Each line from the one that holds "Продается готовый бизнес" to the end of the records is to be retyped exactly. Pictures are not part of the copy.

◇ ◇ ◇ ◇

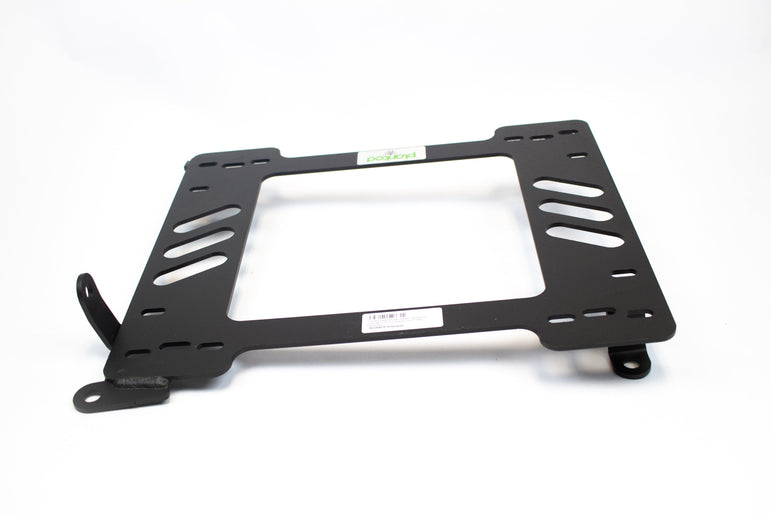 Planted Seat Bracket- Nissan Sentra [3rd Generation / B13 Chassis] (1990-1994) - Passenger / Right Planted Technology
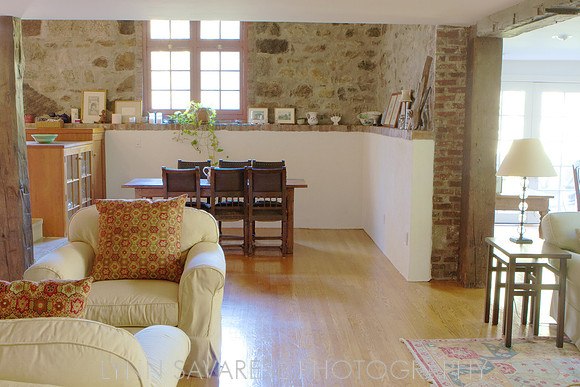 43 Crows Nest Road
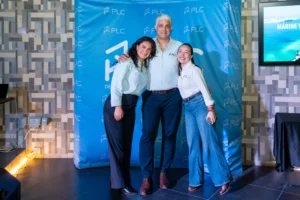 plc-end-of-year-party-core-values (13)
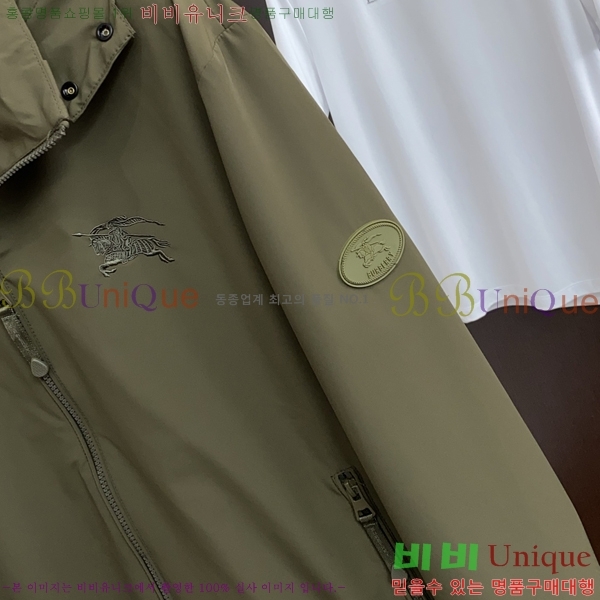 ���� ������ ���� BU2172542-1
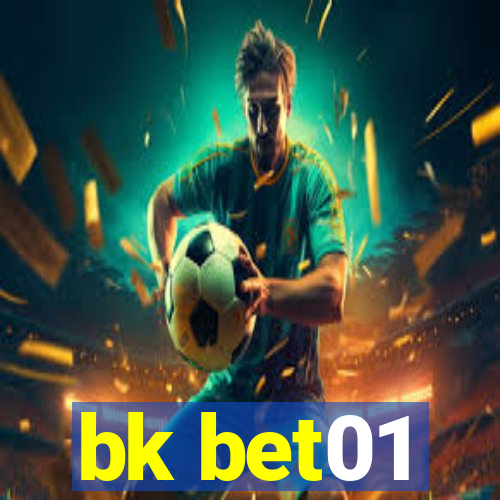 bk bet01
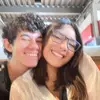 Kevin Puig - @kevin.puig8 - TikTok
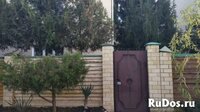 Продается готовый бизнес гостевой дом в сукко
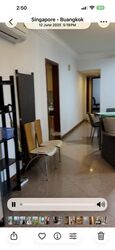 Regentville (D19), Apartment #597788861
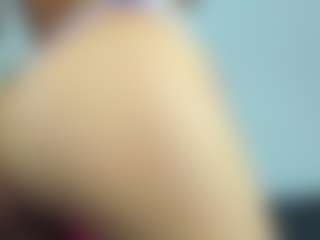 AgataOwens's Live Sex Cam Show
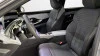 Peugeot 3008 Hybrid 1.2 107KW Allure eDCS6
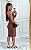 VESTIDO CURTO ANA - Imagem 4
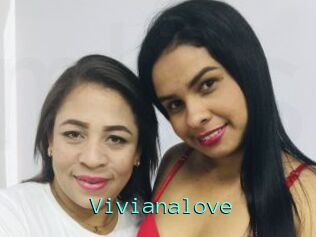 Vivianalove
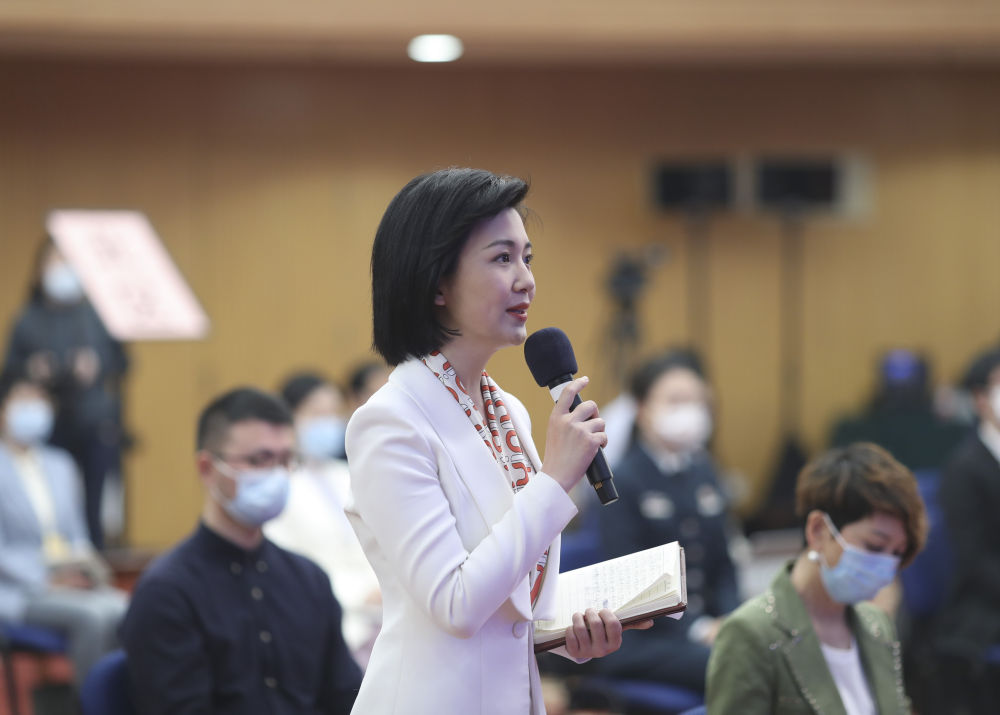 国内 分享新华社记者李贺 李木子 贺长山 王南摄影报道 责任编辑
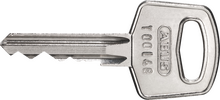 Huvudnyckel till ABUS 72/40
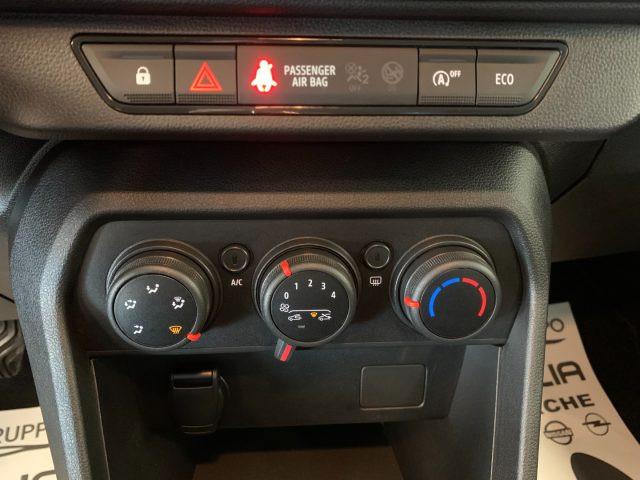 DACIA Sandero Stepway 1.0 GPL ECO-G Comfort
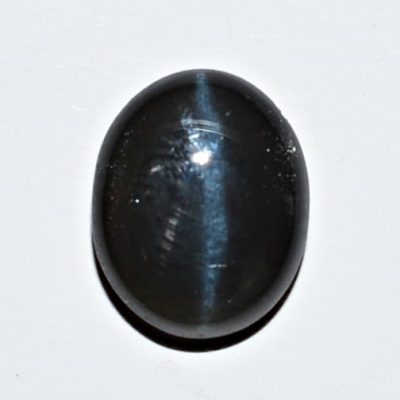 labradorite-cats-eye-4.67-ct.jpg
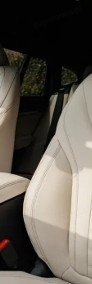 BMW X4 II xDrive30d M Sport xDrive30d M Sport 3.0 (286 KM)|Hak holowniczy, ele-3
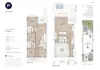 29 Isedale Street, Wooloowin, Qld 4030-Floorplan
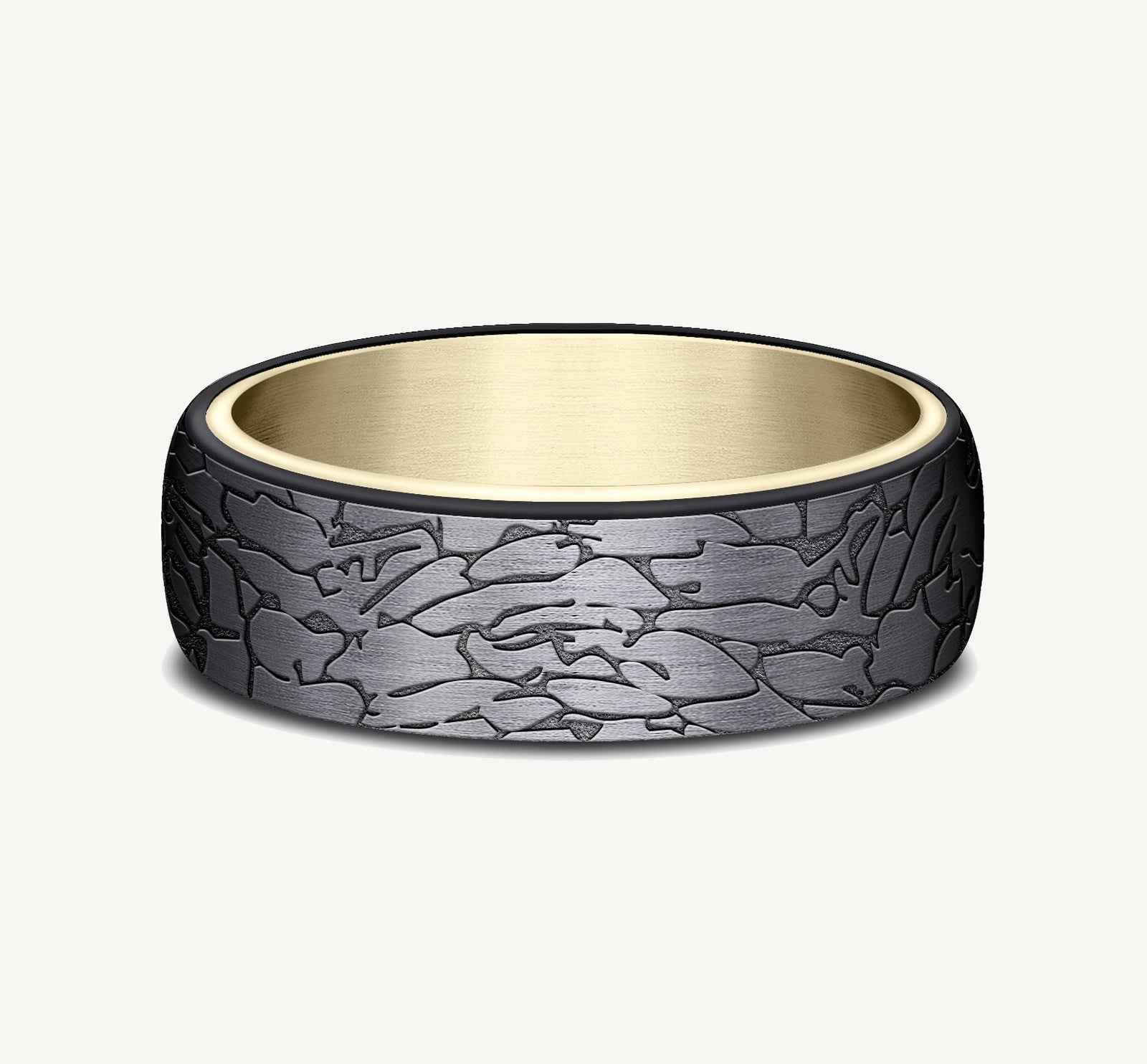 benchmark:ring_RIRCF9465374BKT14KY_3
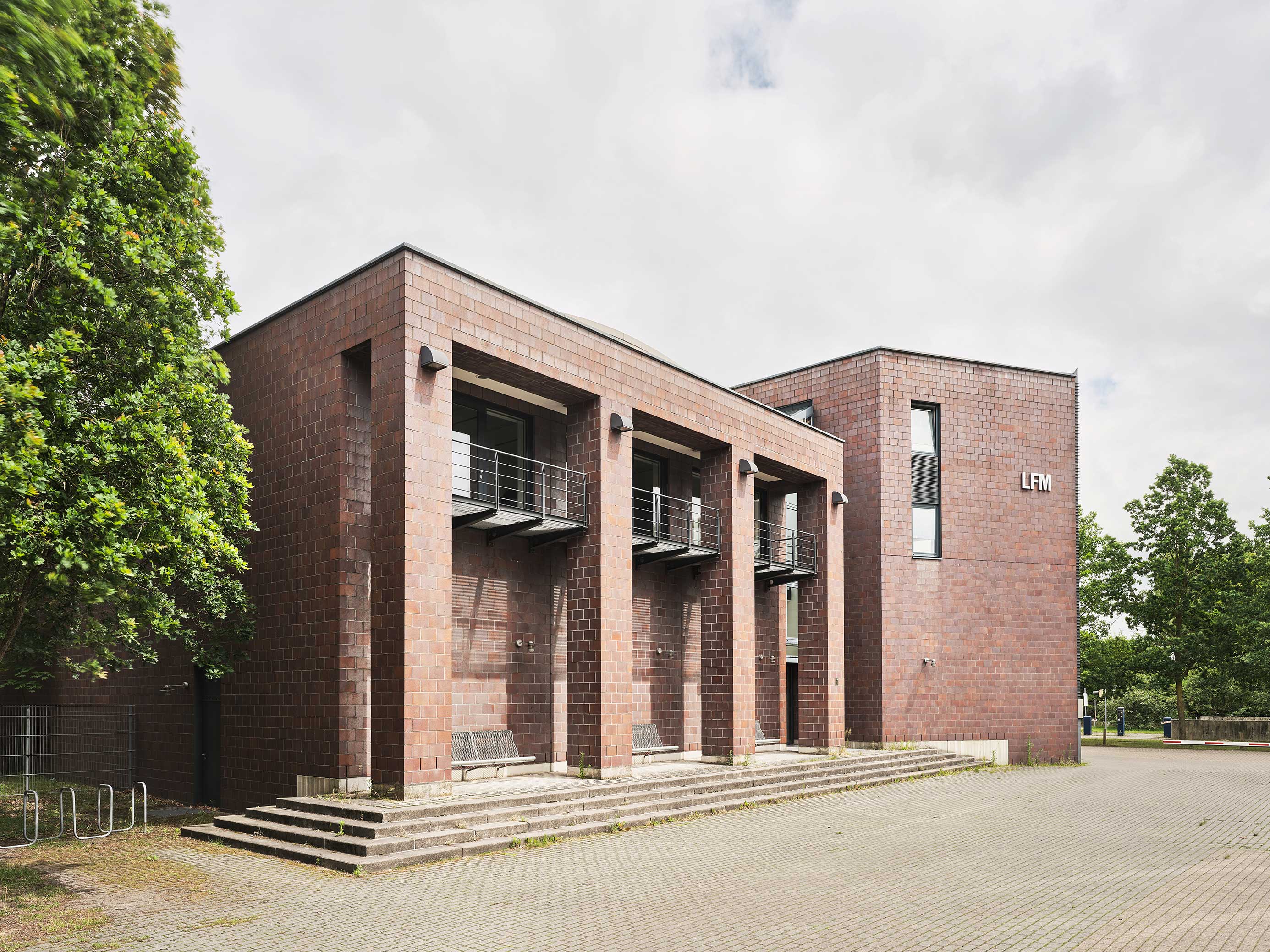 Labor_fuer_Mikrozerspanung_Uni_Bremen_PLANUNGXGRUPPE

◇ ◇ ◇ ◇

- [Solution to this problem]
 Продается готовый бизнес гостевой дом в сукко
 Regentville (D19), Apartment #597788861
 AgataOwens's Live Sex Cam Show
 Peugeot 3008 Hybrid 1.2 107KW Allure eDCS6
 VESTIDO CURTO ANA - Imagem 4
 Vivianalove
 国内 分享新华社记者李贺 李木子 贺长山 王南摄影报道 责任编辑
 Huvudnyckel till ABUS 72/40
 DACIA Sandero Stepway 1.0 GPL ECO-G Comfort
 labradorite-cats-eye-4.67-ct.jpg
 BMW X4 II xDrive30d M Sport xDrive30d M Sport 3.0 (286 KM)|Hak holowniczy, ele-3
 29 Isedale Street, Wooloowin, Qld 4030-Floorplan
 benchmark:ring_RIRCF9465374BKT14KY_3
 Labor_fuer_Mikrozerspanung_Uni_Bremen_PLANUNGXGRUPPE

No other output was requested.